Solitudine e responsabilità: da Esistenzialismo è un umanismo a Van Gogh
Van Gogh dipinse nel 1890 un quadro intriso di solitudine. Lo intitolò “Sulla soglia dell’eternità”; raffigura un vecchio che, seduto su una sedia traballante, ha il viso coperto dalle mani e un bagaglio di esperienze a pesargli sullo stomaco. Guardando il dipinto, ci si rende conto che anche Sartre, durante la conferenza, parlò di una solitudine simile. Il filosofo non usa mai questo termine ma, leggendo il testo, sembra di sentirla comunque, quella che sta in noi stessi, nelle nostre scelte, nel modo in cui ci adattiamo alla realtà.

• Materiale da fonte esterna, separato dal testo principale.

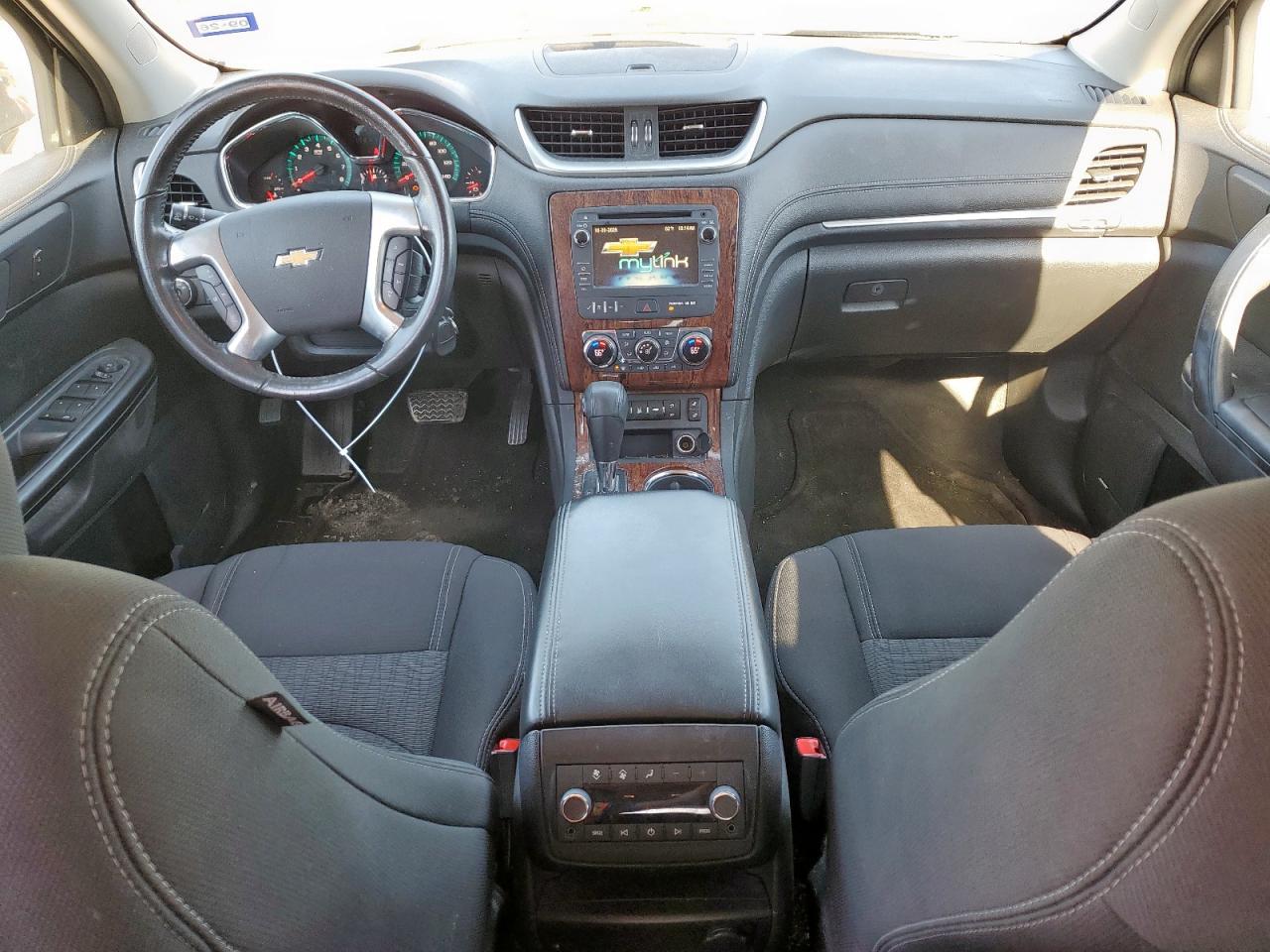 CHEVROLET TRAVERSE LT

La solitudine di chi è soprannominato sporcaccione perché si gira dall’altra parte davanti ad una condizione umana accomunante.
Nulla allora disarma più di queste parole:
Possiamo comprendere perché la nostra dottrina faccia orrore a un certo numero di persone. Perché, spesso, esse hanno un solo modo di sopportare la loro miseria ed è di pensare: «le circostanze sono state contro di me, io valevo molto di più di quello che sono stato; è vero, non ho avuto grandi amori, grandi amicizie, ma questo è avvenuto perché non ho incontrato un uomo o una donna che ne fossero degni; non ho scritto libri perché me ne è mancato l’agio. È rimasta, dunque, in me, non usata eppure vitale, una quantità di disposizioni, di inclinazioni, di possibilità che mi danno un valore che la semplice serie dei miei anni non permette di misurare.»
Un’identità in perpetua costruzione
Il vecchio uomo, disegnato da Van Gogh, ritorna alla mente. È così? Ci rattrappiamo su noi stessi consapevoli che non ci sia scampo alla miseria del singolo? Oppure è da quella sedia che il salto va compiuto, nel definire un’identità che si sleghi dall’ambiente. Ma può l’identità slegarsi dall’ambiente in cui si cresce?
In fondo, sono molte le realtà che premono contro la nostra, urtando e paralizzando.
Così, Sartre ci ricorda che la responsabilità non è un macigno. Essa è una nuova prospettiva per l’azione. Essa è libertà. Il solipsismo dell’individuo, dal ripiego, ora si dispiega verso un umanismo esistenziale, fatto di scelta. Il progetto della vita non è destinato ad esaurirsi ma ad evolversi in una costruzione perpetua.